What you have to do:
When you reach the line below that has "Open Layout Modern", start returning lines exactly, and stop after the line that has "Katie Grace Boutique"; skip the pictures.

=== Entries shown ===

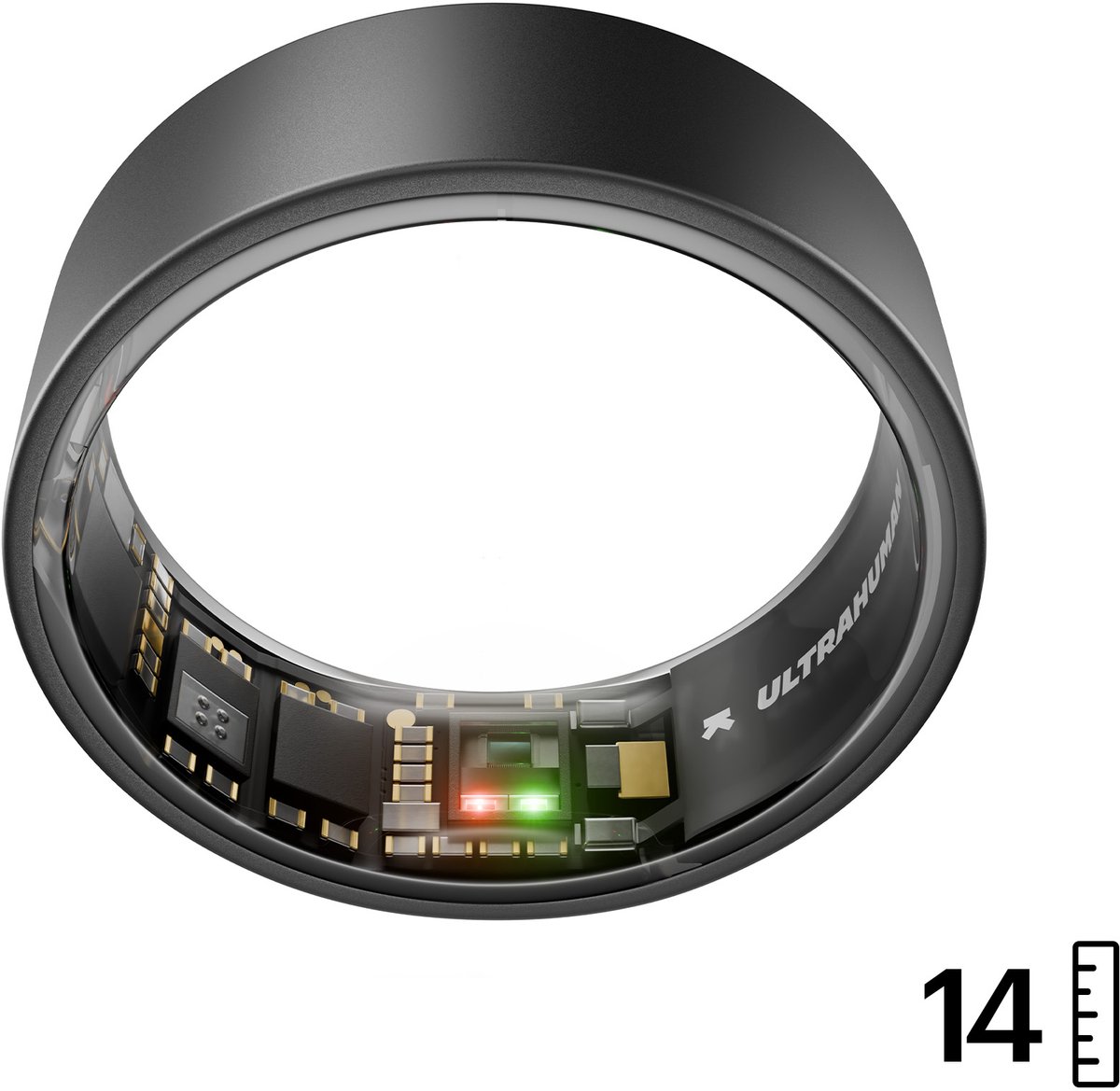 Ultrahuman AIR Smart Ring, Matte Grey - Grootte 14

===
=== Entries shown ===

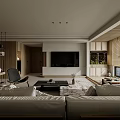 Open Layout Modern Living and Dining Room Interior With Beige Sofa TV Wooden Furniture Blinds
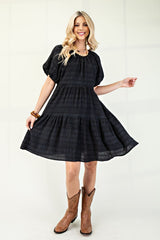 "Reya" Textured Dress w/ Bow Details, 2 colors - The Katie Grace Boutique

===
=== Entries shown ===

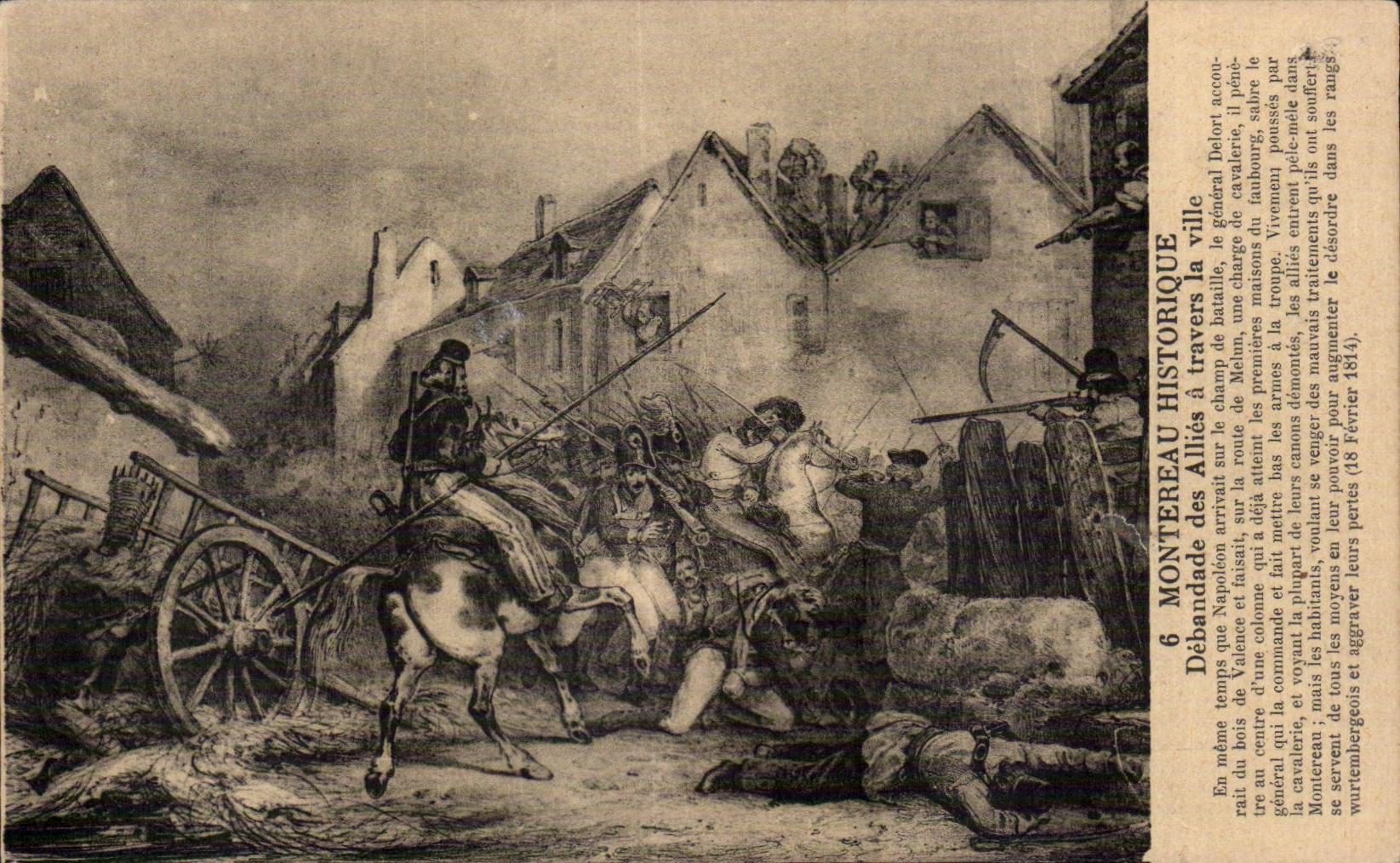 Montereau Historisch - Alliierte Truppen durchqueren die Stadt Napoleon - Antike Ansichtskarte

===

Solution:
 Open Layout Modern Living and Dining Room Interior With Beige Sofa TV Wooden Furniture Blinds
 "Reya" Textured Dress w/ Bow Details, 2 colors - The Katie Grace Boutique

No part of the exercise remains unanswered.